DIRECTIONS FOR THIS TASK:
Only the text of the records below belongs in the answer, copied exactly, with pictures omitted.

PROVIDED RECORDS:
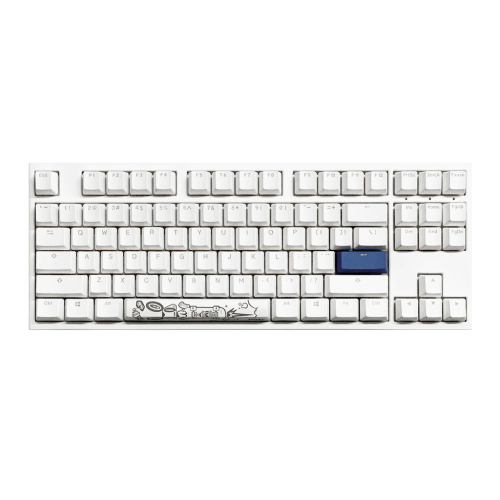 DUCKY ONE 3 PURE WHITE (US) TKL CHERRY BROWN SWITCH RGB LED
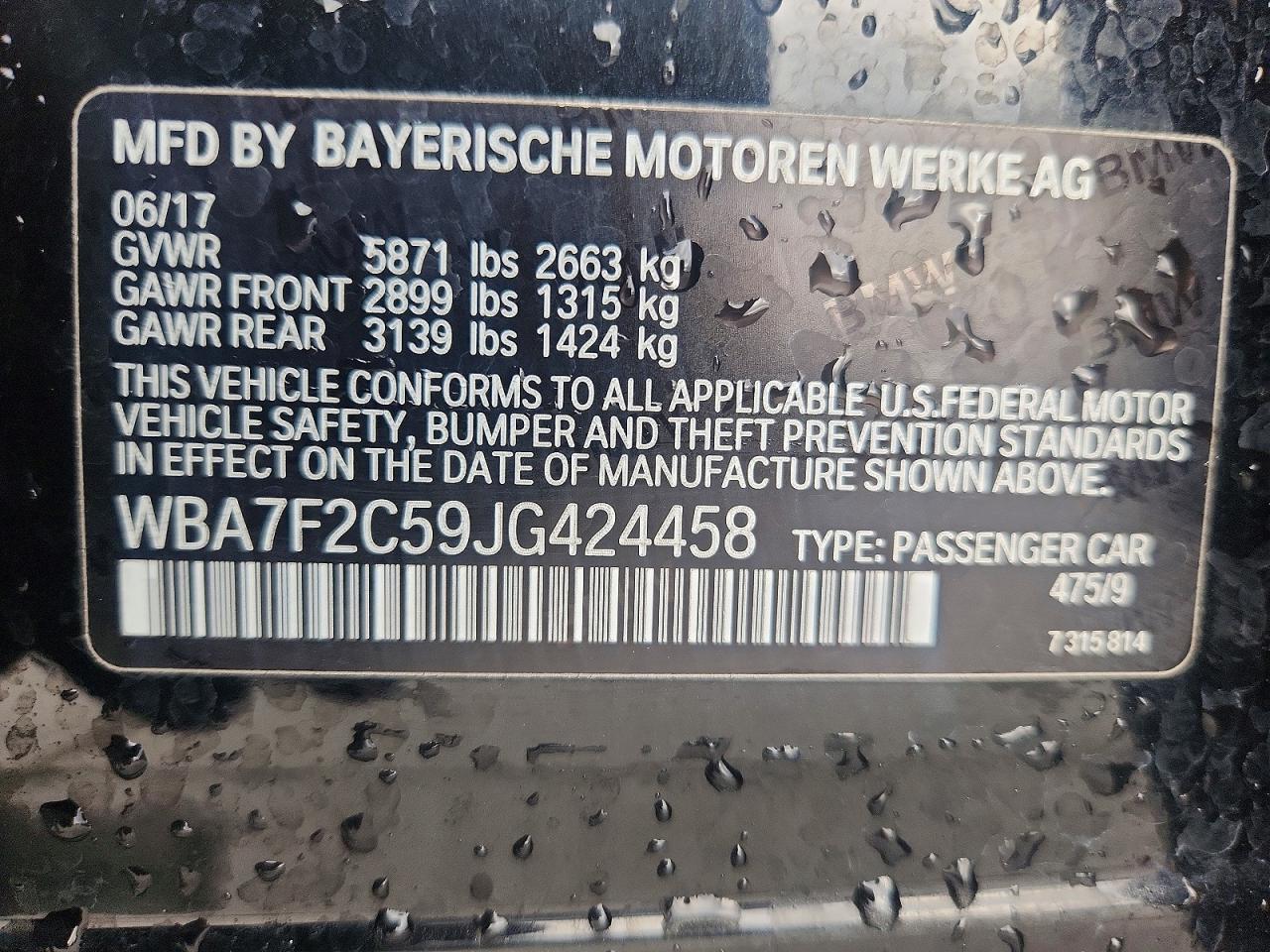 BMW 7 Series Xi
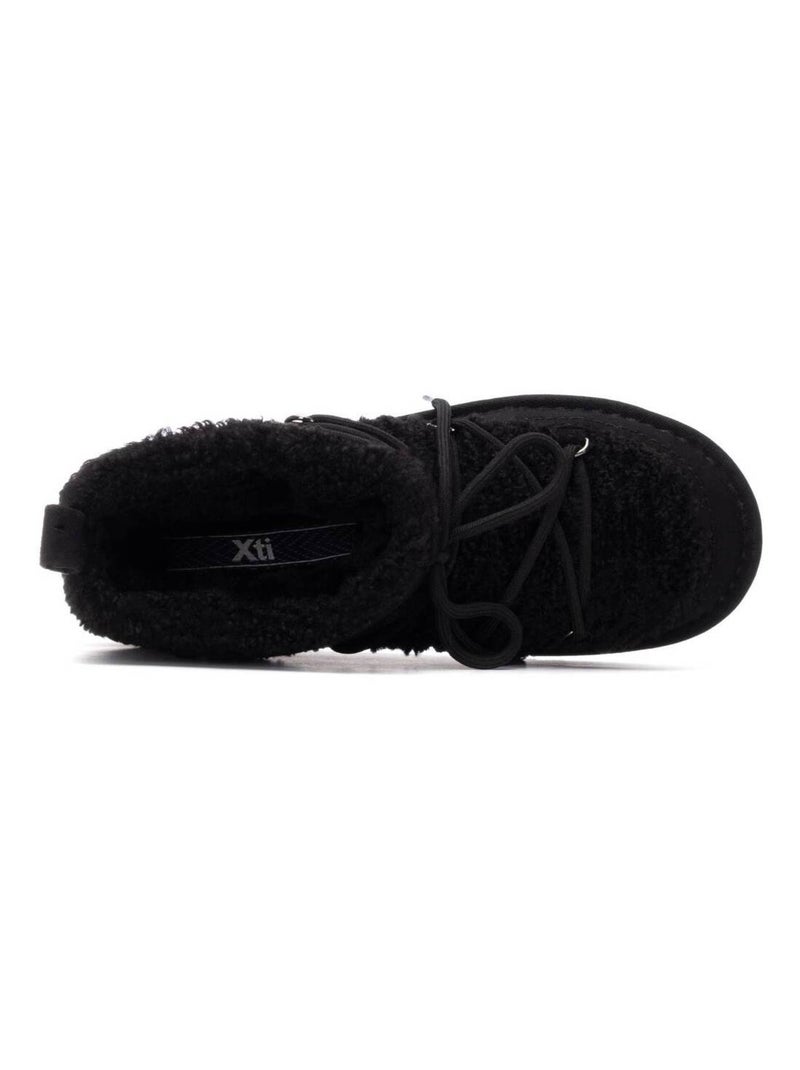 Bottines femme fourrées Noir - Kiabi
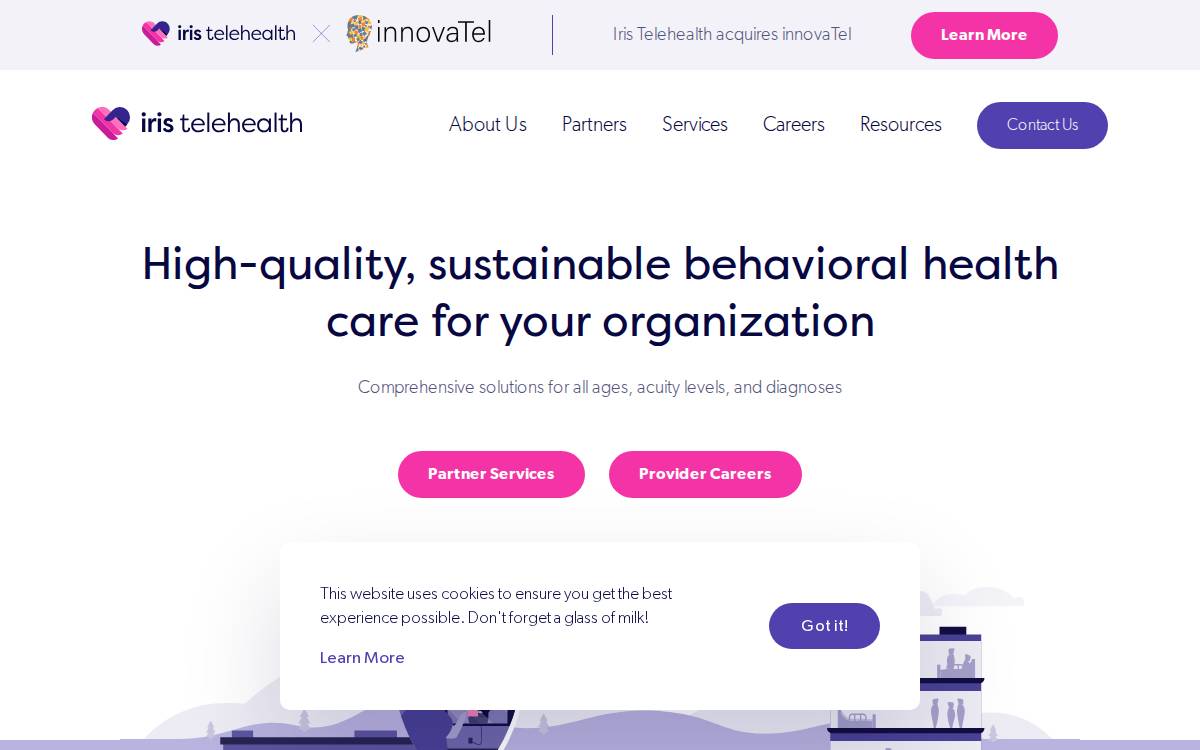 Iristelehealth website preview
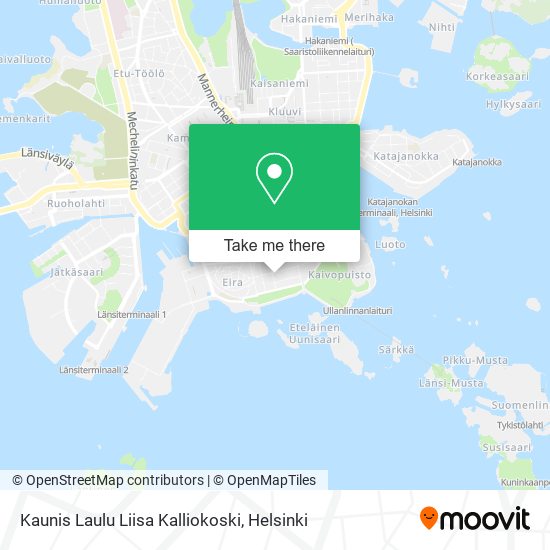 Kaunis Laulu Liisa Kalliokoski map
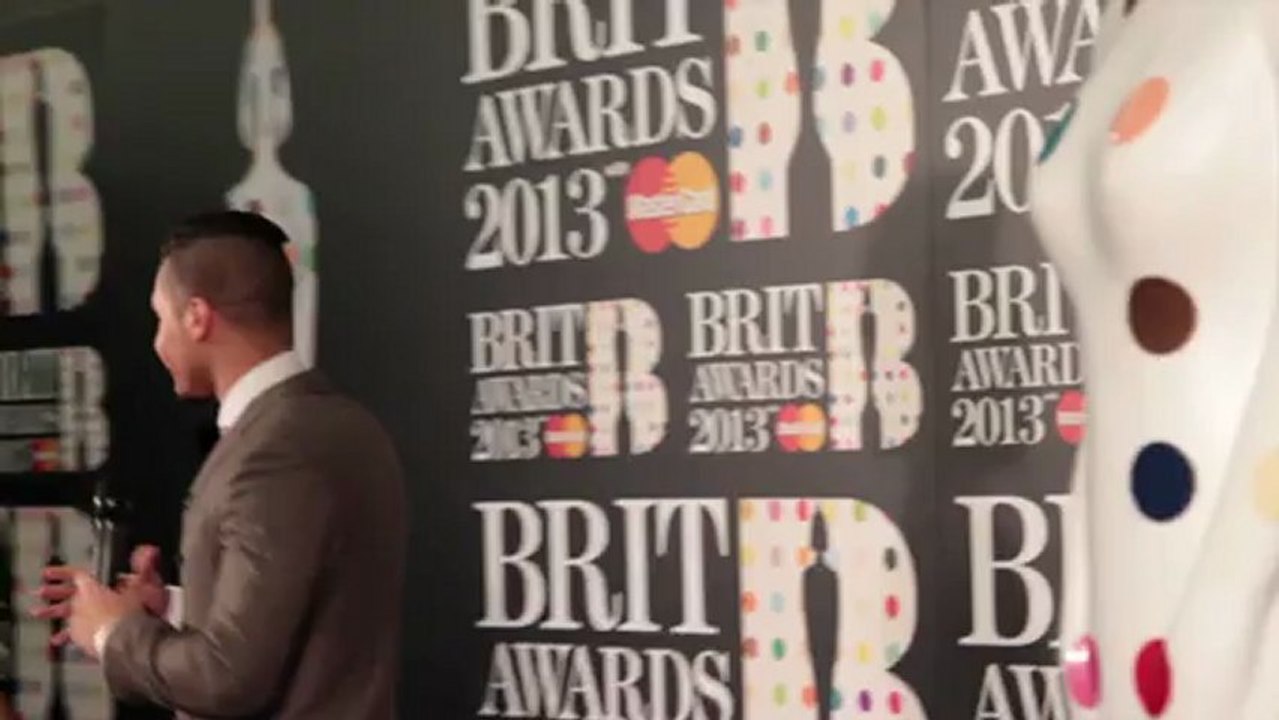 Louis Smith at the Brit Awards 2013 Winner's Conference: 'I'm not a massive Coldplay fan'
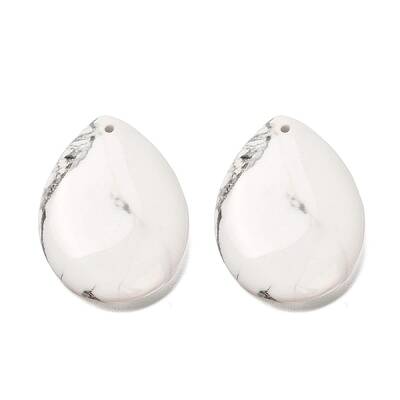 Natural Howlite Pendants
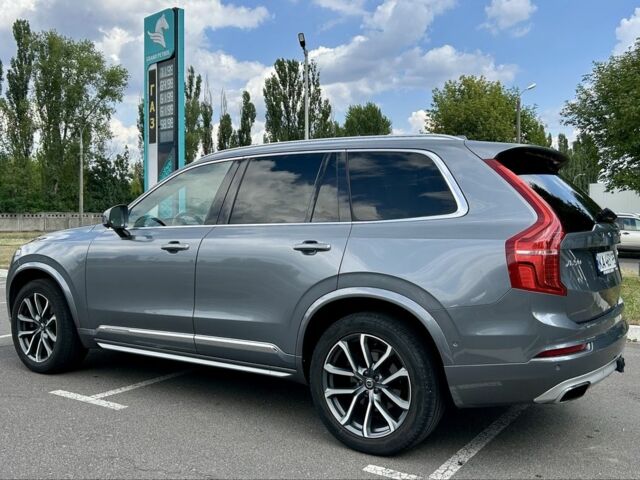 Серый Вольво ХС90, объемом двигателя 2 л и пробегом 150 тыс. км за 30800 $, фото 5 на Automoto.ua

TASK ANSWER:
 DUCKY ONE 3 PURE WHITE (US) TKL CHERRY BROWN SWITCH RGB LED
 BMW 7 Series Xi
 Bottines femme fourrées Noir - Kiabi
 Iristelehealth website preview
 Kaunis Laulu Liisa Kalliokoski map
 Louis Smith at the Brit Awards 2013 Winner's Conference: 'I'm not a massive Coldplay fan'
 Natural Howlite Pendants
 Серый Вольво ХС90, объемом двигателя 2 л и пробегом 150 тыс. км за 30800 $, фото 5 на Automoto.ua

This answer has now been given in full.